Thin cracks in the wall I had never noticed before reading him.
Nothing had changed.
But the way I looked at it had.
Sade was not “in” the texts.
He shifted.
He leaked.
Not as a presence, but as persistence.
An idea that never fully becomes an object.
Nor a memory.
Nor a conclusion.
Only insistence.
And that is where it became uncomfortable.
Not the content.
But the repetition.
The fact that returning did not resolve anything.
It only sharpened the feeling that something was about to become clear.
After weeks reading Sade, I understood something unsettling.
I was never trying to understand him.
I was trying to understand why some things, once seen, refuse to disappear.
And yet I kept going back.
Not out of curiosity.
But because of the suspicion that, if I stayed a little longer, this time there might be an answer.
Even though part of me already knew that no answer had ever been guaranteed.
There was no clear transition.
No moment where I decided to change the subject.
At some point, the reading simply stopped feeling historical.
And started feeling structural.
What had been the Marquis de Sade no longer functioned as an object of study.
It functioned as a lens.
Something through which other scenes began to reorganize themselves.
At first I did not recognize it.
I was still reading works such as The 120 Days of Sodom and Justine, or The Misfortunes of Virtue as if I were still inside a literary framework.
But there was a drift.
Small.
Persistent.
The idea of the gaze.
The idea of seeing something that is not addressed to you.
Or worse: seeing it while knowing you are not the center.
It was not a new idea.
But it began to repeat with an uncomfortable insistence.

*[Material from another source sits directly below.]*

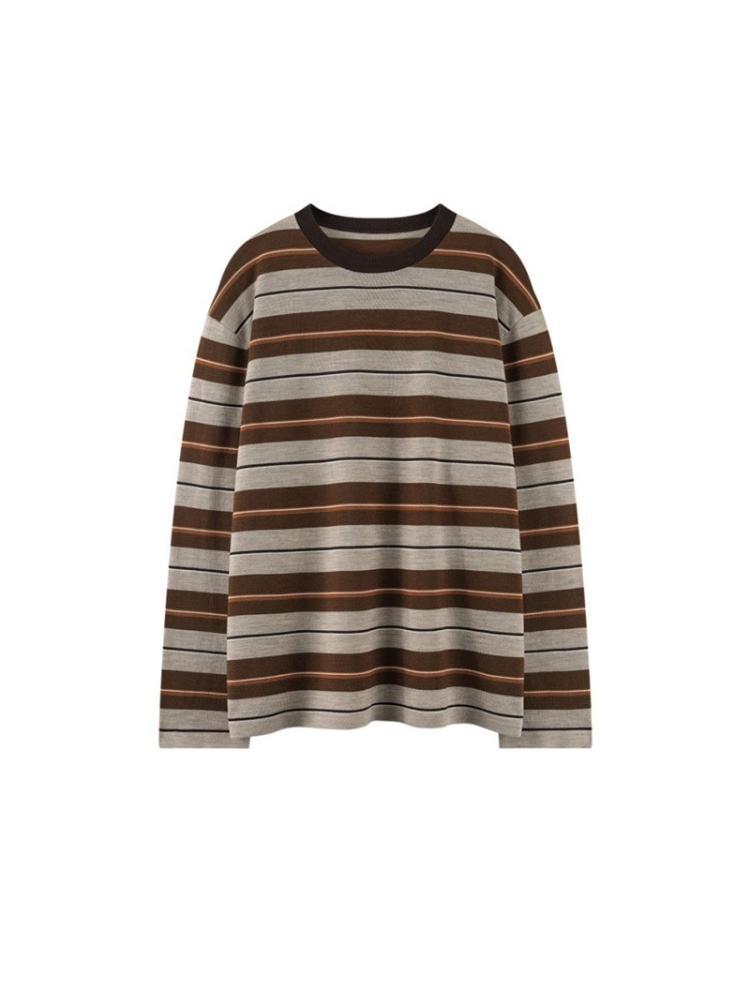 Spring 2026 Elegant Loose Fit Women's Wool Pullover Sweater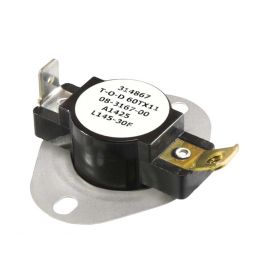 Trane SWT4627 Limit Switch Open 145°F/Closed 30°F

As if Sade was not speaking about scenes, but about structures of perception.
About how desire organizes itself once it stops being private.
About how the mind shifts when access is no longer exclusive.

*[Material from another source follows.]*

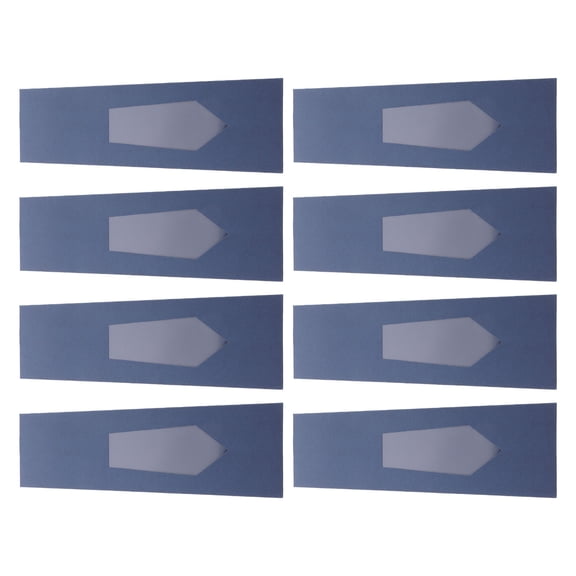 VERDANVERSE 8Pcs Dark Blue Necktie Holder for Travel with Window Portable Cardboard Tie Organizer Box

It was not a moral question.
Not even a narrative one.
It was something more basic.
The place from which one looks.
And what happens when that place is no longer guaranteed.
That is where the displacement began.
Not as a clear concept.
But as a sensation.
The feeling that some ways of seeing are not meant to produce understanding, but instability.
And I began to notice something I had not been searching for.
A figure that did not have a stable name in my mind at first.
Only a repeated scene.
The presence of a third.
Not as a character.
But as a condition.
Something that reorganizes space without touching it.
Something that turns intimacy into observation.
And observation into evidence.
What disturbed me was not the scene.
It was the persistence.
The fact that, just like with Sade, returning did not close anything.
It only sharpened the question.
What does it mean to look when the gaze no longer confirms anything?
What happens when desire stops sustaining exclusivity?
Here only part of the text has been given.